Should Martins win in court, it would likely turn the race to fill the seat of retiring Democratic Rep. Steve Israel from a high turnout contest that typically favors Democrats to a race that could draw as little as 10 percent turnout.
Pidot said Martins “will stop at nothing to rob voters of their democratic choice. It’s time to give the lawyers a rest and face the music.”
In court papers, Martins’ attorney cited a 1982 precedent in which a three-judge panel moved the election date for two House seats from Nov. 2 to Nov. 30 to permit the state to redraw congressional lines to comply with the Voting Rights Act.
The attorney said that if Scullin doesn’t set a new election date, the Oct. 6 primary, only one month before Election Day, “is certain to cause voter confusion and hardship” and potential mix-ups in the mails of military ballots.
They also called the Oct. 6 primary date unfair.
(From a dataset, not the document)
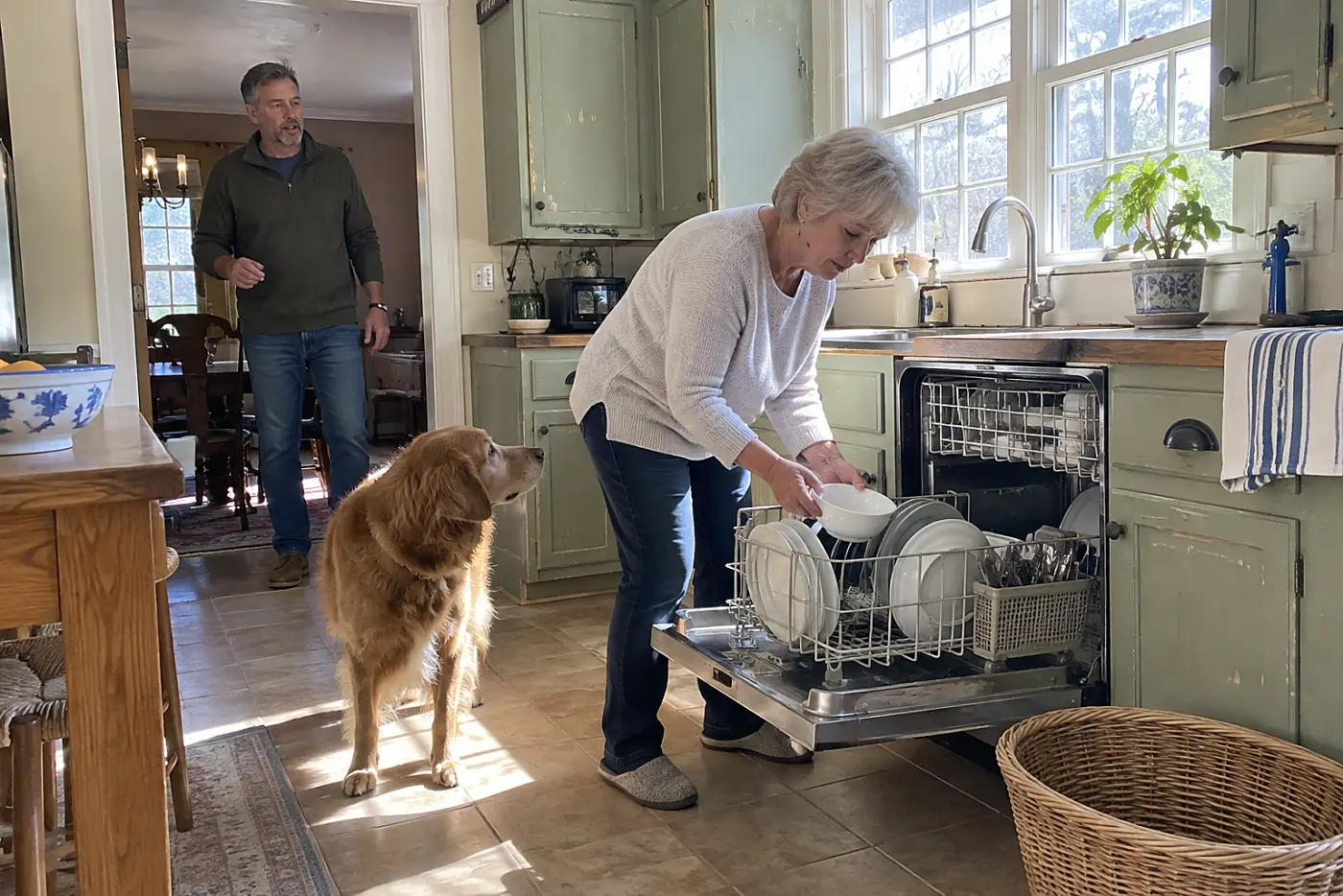 Older woman moving dishes in the dishwasher while her son watches from the kitchen doorway.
They said Democrat Thomas Suozzi will have had 100 days to campaign since he won his party’s nomination on June 28, while Martins will be left as a “drastic disadvantage” with only 32 days to mount a general election campaign. They also said they would be unfairly restricted to using donations for the primary until that contest is over.
Kim Devlin, senior adviser for Suozzi, criticized Martins for “wasting millions of taxpayers’ dollars with his petty political games and trying to litigate his way into Congress. This is nothing more than a pathetic attempt to distract voters from his disastrous record of raising property taxes, defending Dean Skelos and support for Donald Trump.”
Murray discounted Pidot’s attack, calling him “a fringe candidate who waited 30 days to file his appeal and brought the problems on himself.” Suozzi, he said, is “in the middle of his own political fight to defend fraudulent signatures and voters who have died.”
Suozzi’s petitions for a “Fix Washington” ballot line were approved by the state Board of Elections in Albany. Martins has filed suit in state Supreme Court in Mineola to disallow Suozzi’s petitions based on alleged fraud.
A state board hearing on petitions of Libertarian candidate Michael McDermott, which also have been challenged by Martins, is set for Monday.